* WORK TO COMPLETE *
Please copy, word for word, the line holding "s925银发簪古风步摇古典中国风汉服发钗子宫廷盘发簪古代梅花头饰" and each line that follows it through the end of the entries, omitting any pictures.

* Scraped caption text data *
· · ·

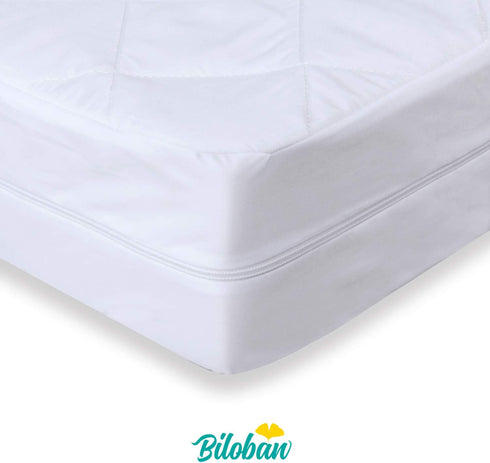6 Zippered Crib Mattress Protector - Waterproof Crib Mattress Encasement, Breathable and Absorbent, Sides Fully Encased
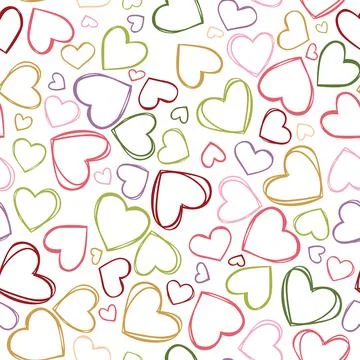 Vector colorful heart outlines repeat pattern. Suitable for gift wrap, textile Stock Illustration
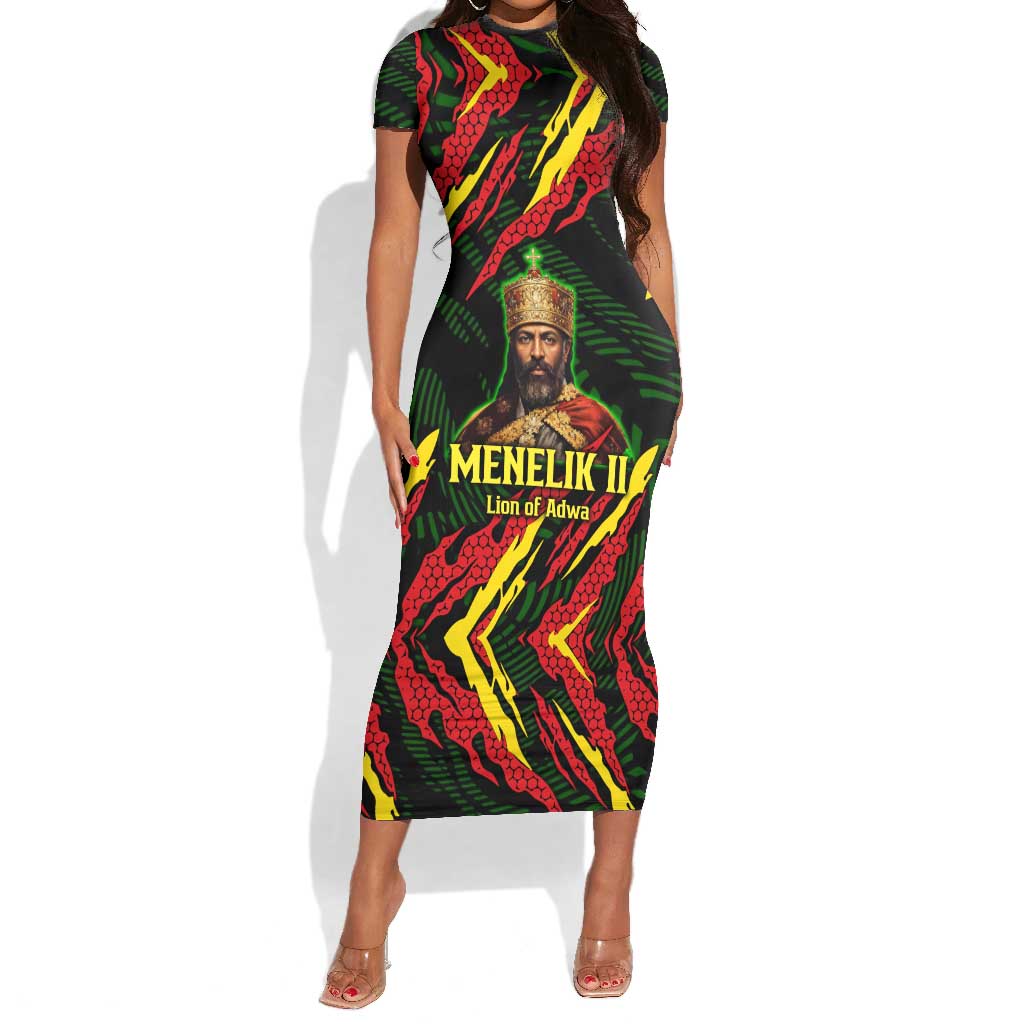 Menelik II Short Sleeve Bodycon Dress with Lion of Adwa Title, Battle of Adwa 1896 Graphic and Bold Pan-African - Wonder Print Shop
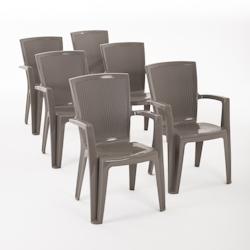RATTATAN Set de 6 chaises monobloc en polypropylène avec fibre de verre, effet rotin, empilables pour extérieur et jardin, bar et restaurant - Diana_0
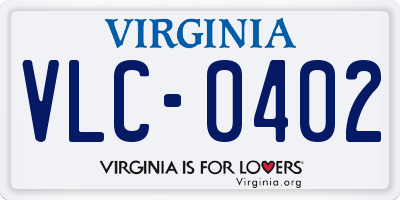 VA license plate VLC0402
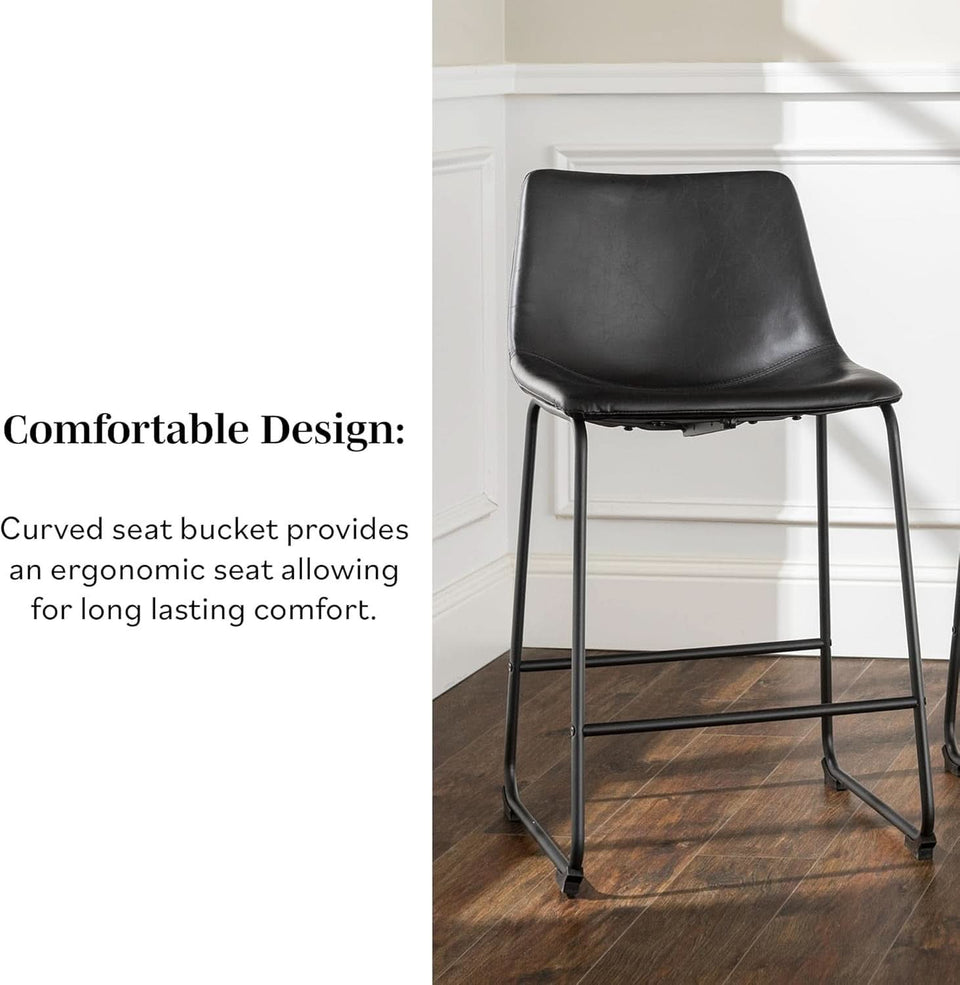 Set Of 2 Faux Leather Counter Height Stools For Kitchen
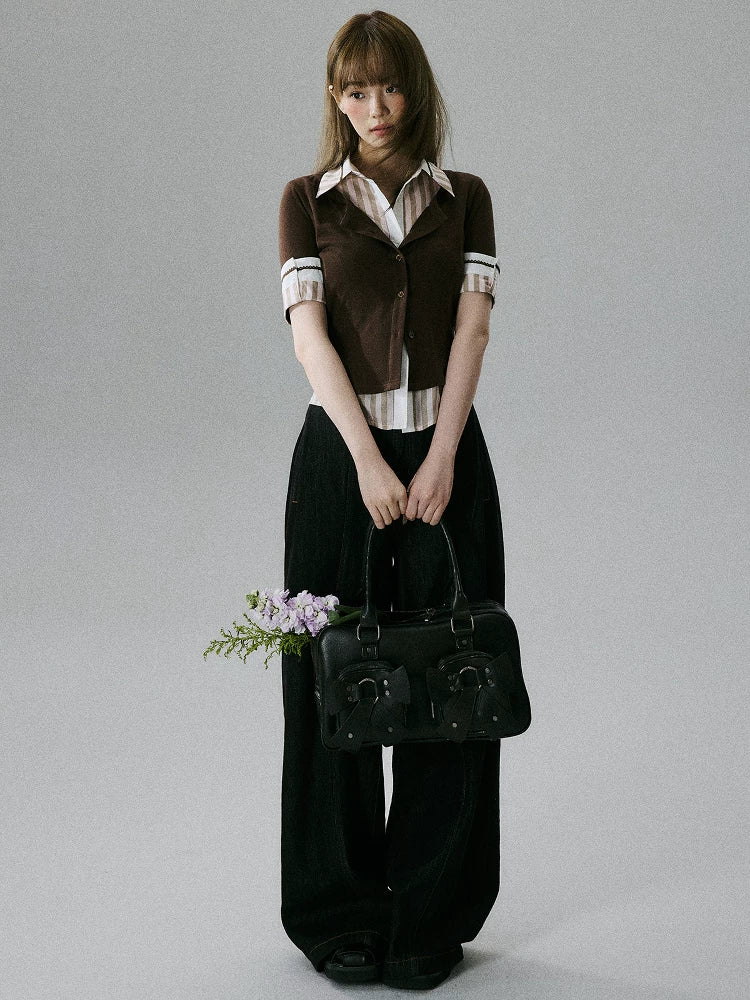 LOST FOREST - Brown & Pink Faux-Layered Lyocell Wool Top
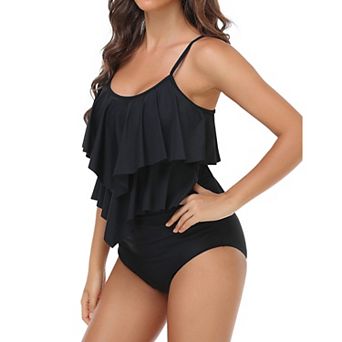 Women Flamingo Swimsuit Two Piece Ruffle Vintage Tankini Set Ruched Swim Bottom Bathing Suit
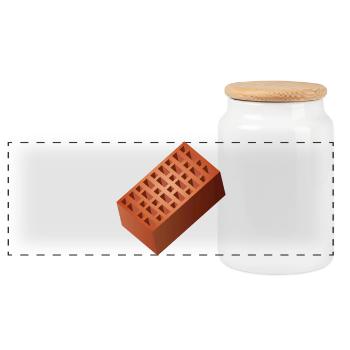 Brick Wall Bricks Bricks for Wall Construction - Panoramic Cookie Jar with Wooden Lid - white - Front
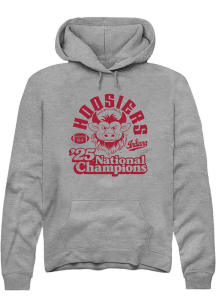 Summit Sportswear Indiana Hoosiers Mens Graphite Vintage 2025 National Champions Long Sleeve Hoodi..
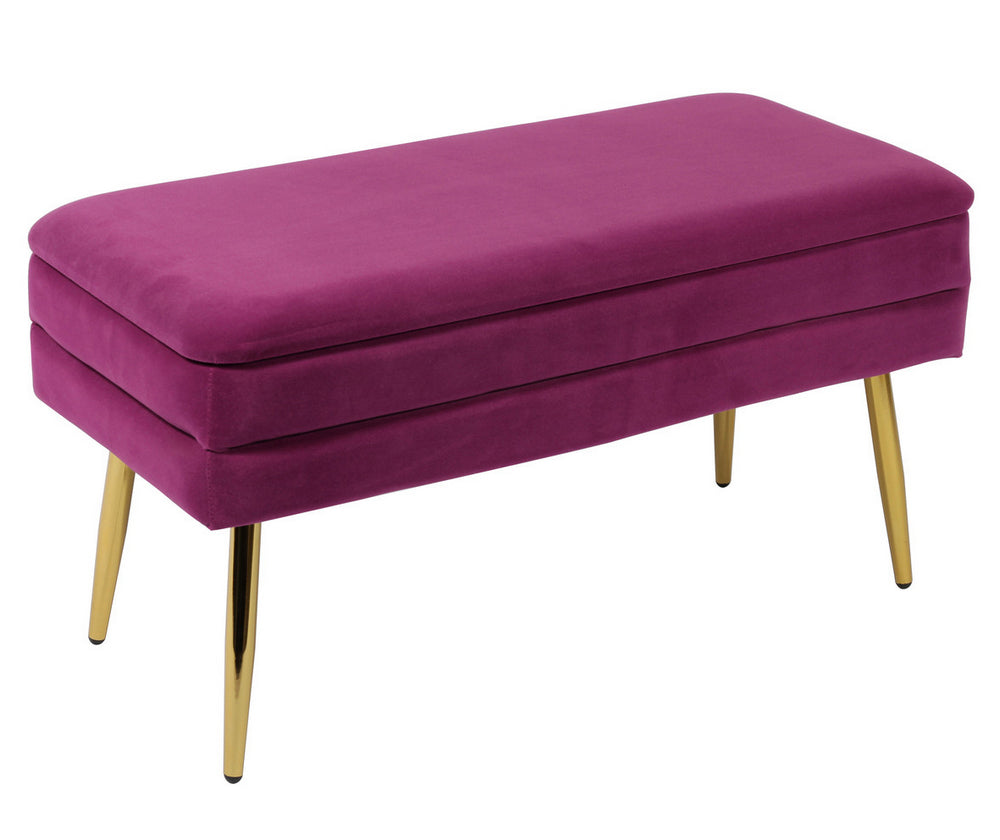 Ziva Plum Velvet Storage Bench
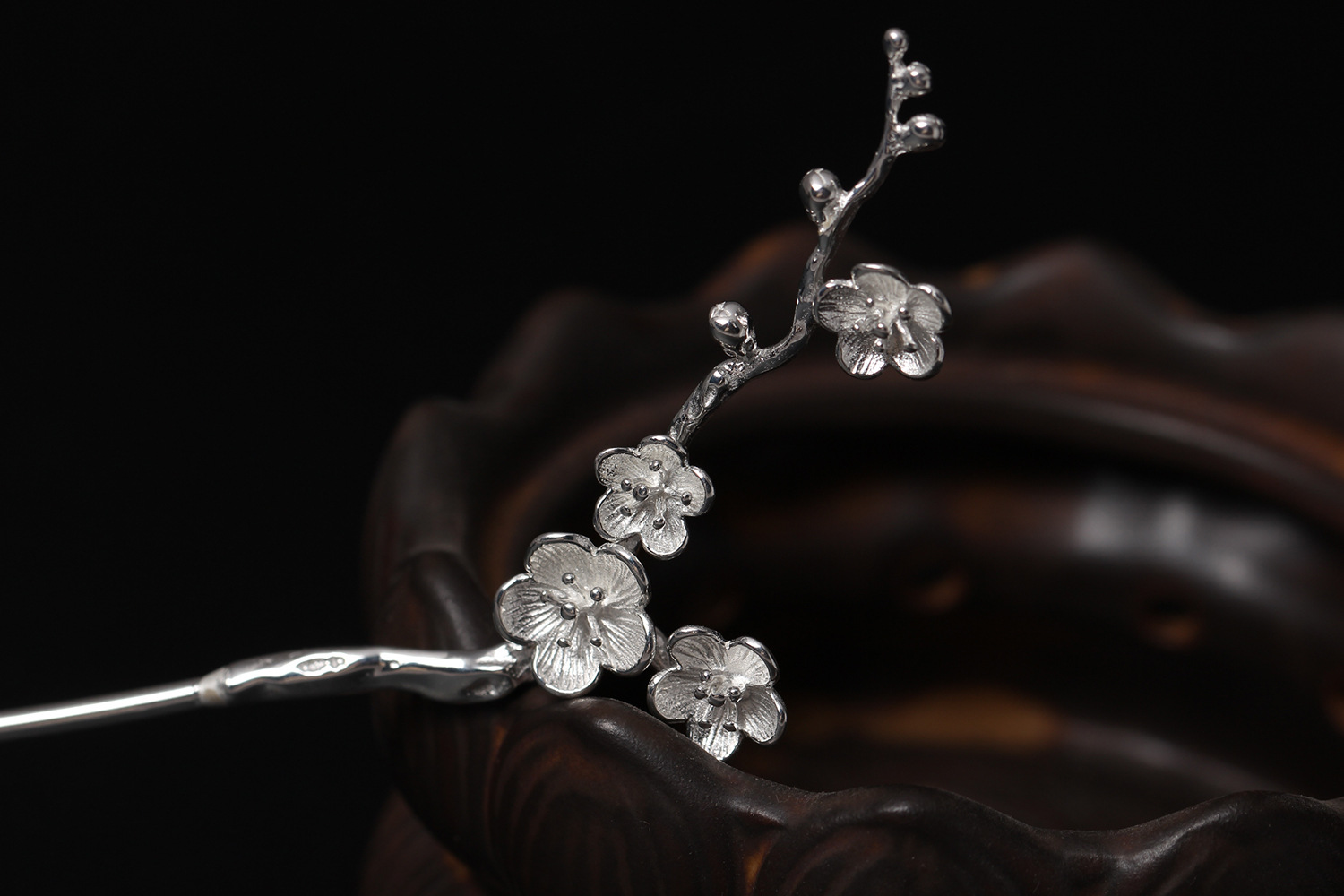 s925银发簪古风步摇古典中国风汉服发钗子宫廷盘发簪古代梅花头饰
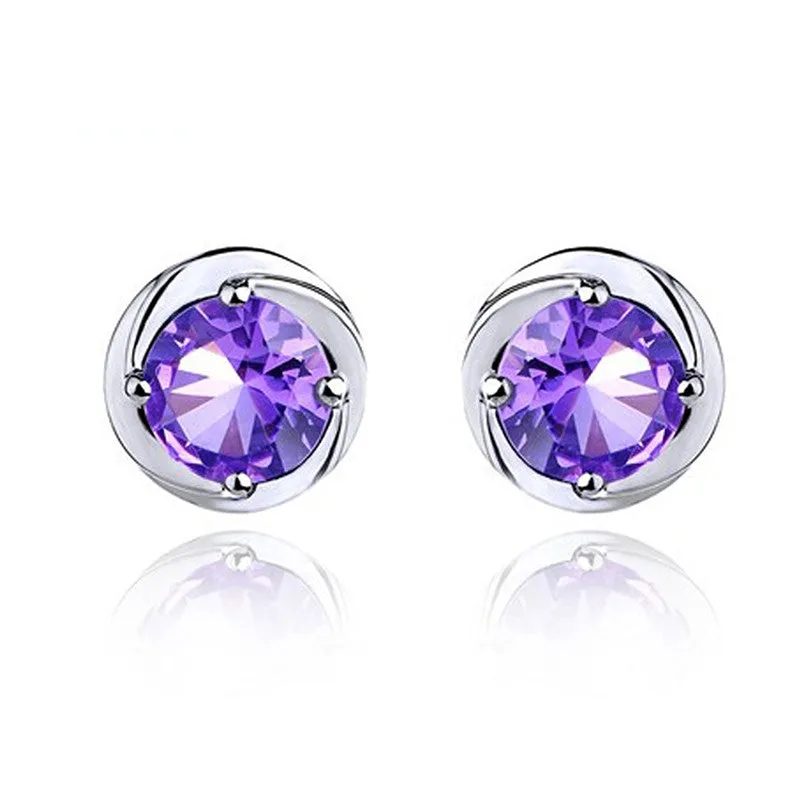 Four Prongs Round Zircon Silver Studs Earrings for Women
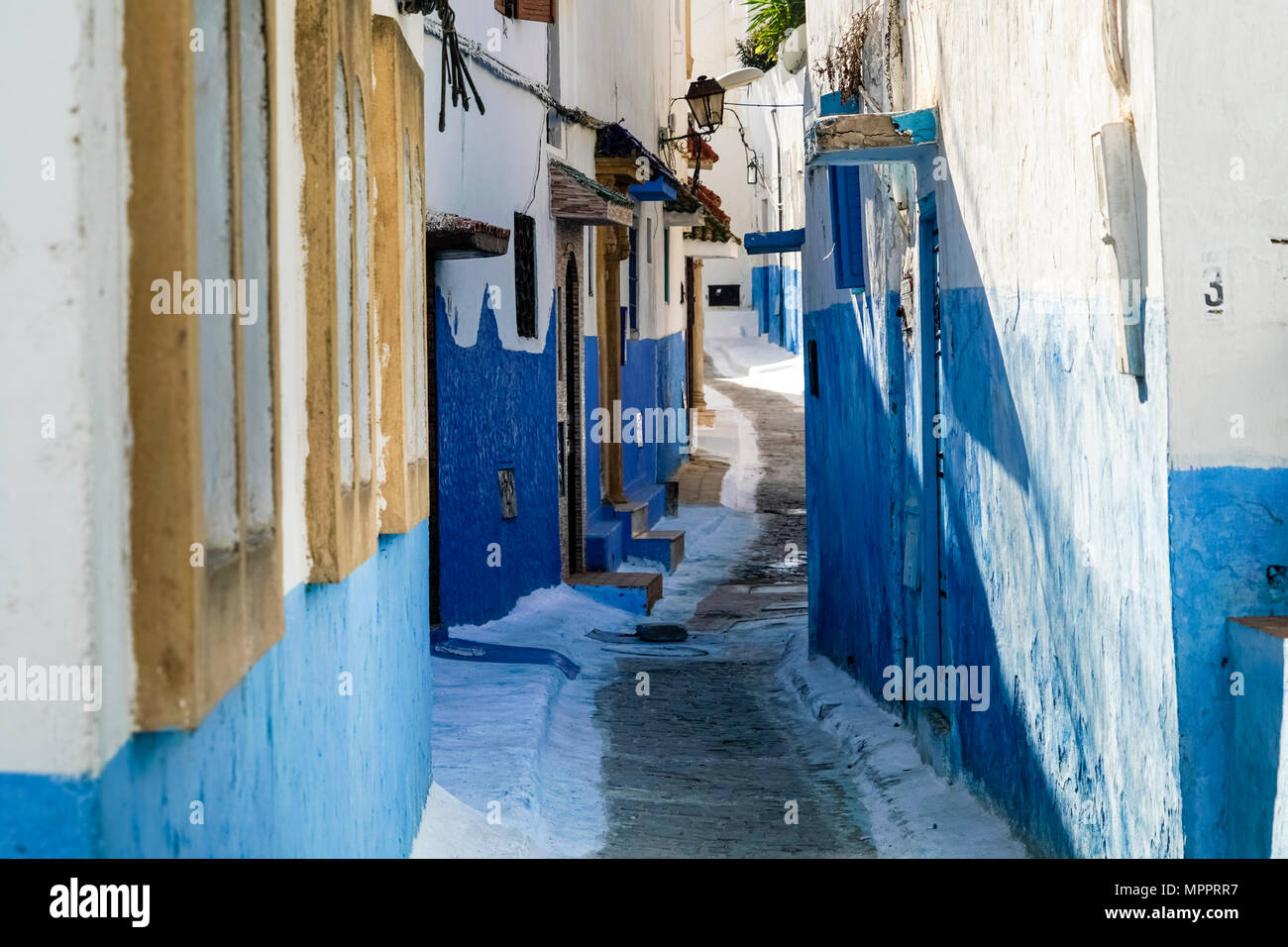 Morocco, Rabat, narrow alley Stock Photo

· · ·

* SOLVED EXERCISE *
 s925银发簪古风步摇古典中国风汉服发钗子宫廷盘发簪古代梅花头饰
 Four Prongs Round Zircon Silver Studs Earrings for Women
 Morocco, Rabat, narrow alley Stock Photo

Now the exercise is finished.